> _WHAT IS NEEDED_
Set down the entries again word for word, without any of the images.

> _RECORDED DATA_
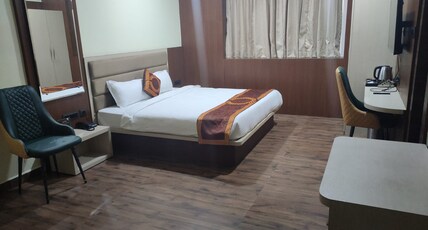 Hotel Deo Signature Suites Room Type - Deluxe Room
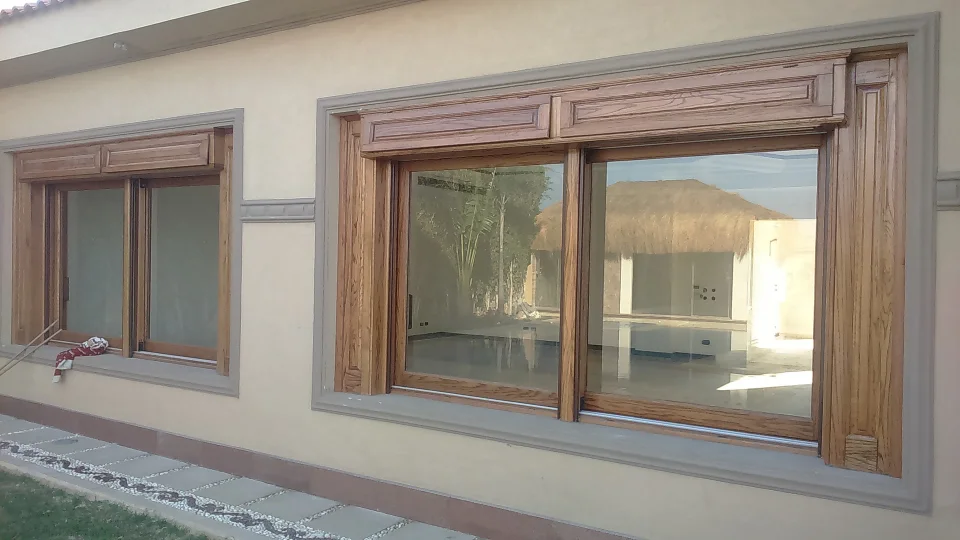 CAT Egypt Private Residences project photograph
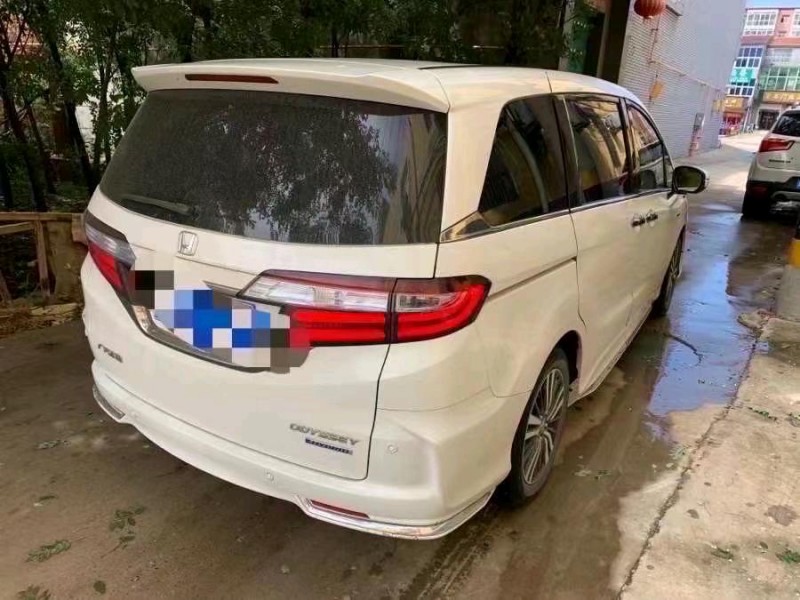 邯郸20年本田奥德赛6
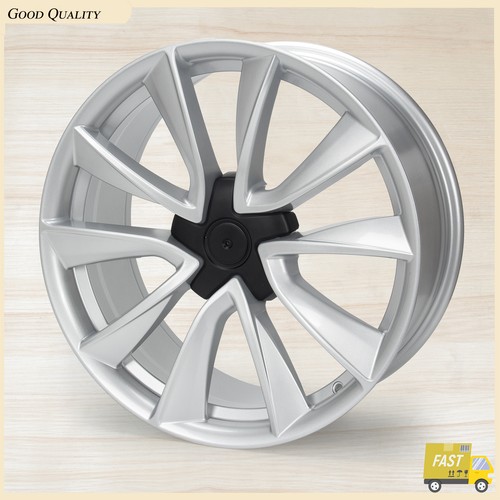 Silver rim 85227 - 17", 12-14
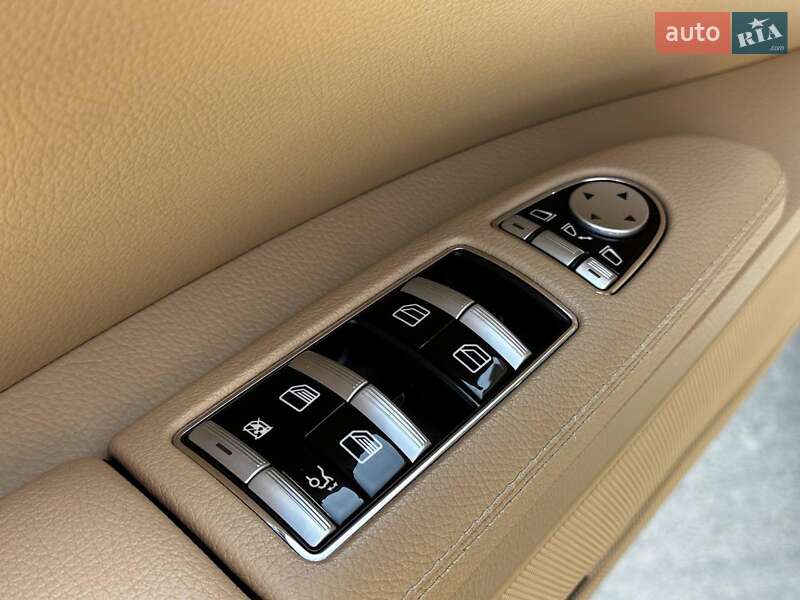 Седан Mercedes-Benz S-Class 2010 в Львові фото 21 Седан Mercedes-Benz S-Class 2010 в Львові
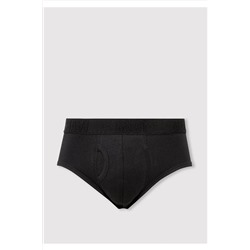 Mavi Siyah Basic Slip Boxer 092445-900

> _EXERCISE SOLUTION_
 Hotel Deo Signature Suites Room Type - Deluxe Room
 CAT Egypt Private Residences project photograph
 邯郸20年本田奥德赛6
 Silver rim 85227 - 17", 12-14
 Седан Mercedes-Benz S-Class 2010 в Львові фото 21 Седан Mercedes-Benz S-Class 2010 в Львові
 Mavi Siyah Basic Slip Boxer 092445-900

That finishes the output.